On the picket line

IBEW 3 is fighting back

Workers in Local 3 of the Brotherhood of Electrical Workers have been striking since March 28. The nearly 1,800 workers walked off the job to protest various problems with the nation’s second largest internet provider. Charter/Spectrum has refused to negotiate a contract since Time Warner owned it in 2013, and is taking a page from the fat-cat playbook. The company is using divide-and-conquer tactics to pit its workers against workers who are its customers.

Charter/Spectrum promised internet speeds knowing its equipment was old and shoddy, and now blames its workers for all the service calls they have to make in response to slow speeds. Adding insult to duplicity, Charter/Spectrum then has workers install old, refurbished equipment that is still unable to reach advertised speeds.

On the ground there’s massive support for the strike on daily picket lines at the Charter/Spectrum office at 120 E. 23rd St. in Manhattan, N.Y. Elected officials in Queens wrote a joint letter to the Charter CEO in support of the union, demanding that workers not “pay for the company’s lies and misrepresentations.” New York state Attorney General Eric Schneiderman sued the company Feb. 2 for outright lying about internet speeds. (N.Y. Daily News) This is in addition to the multitude of attacks the workers are facing in contract negotiations. The company wants to eliminate pensions, funding for college, dental and other health benefits, and weekend overtime, among other takebacks.
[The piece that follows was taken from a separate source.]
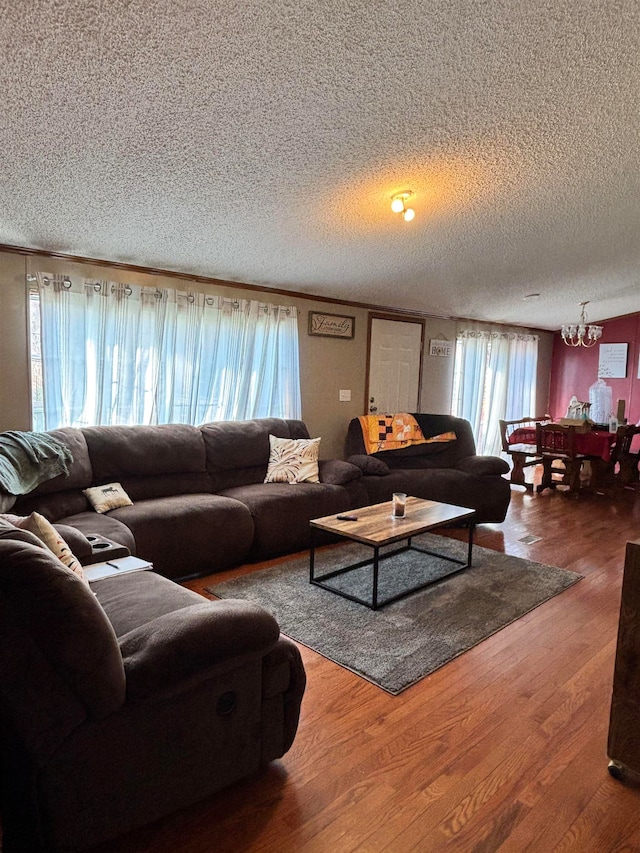 living room with hardwood / wood-style floors, a textured ceiling, and an inviting chandelier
We know the bosses at Charter/Spectrum could easily turn over that portion of the workers’ unpaid wages — known as profits — to upgrade the technology to fighting speed. We know that the bosses’ surplus could easily fund dental, education and the wealth of benefits every worker on this planet deserves. But we also know that, under capitalism, the boss class only wants to benefit themselves. (local3ibew.org)

Victory after one-day grievance strike

A one-day grievance strike of 1,700 workers in California and Nevada forced AT&T on March 22 to recognize that it can’t force workers to do jobs outside their skill set. Communications Workers Local 9003 won a victory: AT&T now has to assign properly trained staff at job sites and can’t make technicians work outside their job spec or job class. In unionspeak, job specs or job classes ensure that bosses can’t force you to do more than your expertise while keeping your pay at a lower scale. When the capitalist class tries to sabotage job specs, unions use the sharpest tool in their toolbox — the strike weapon.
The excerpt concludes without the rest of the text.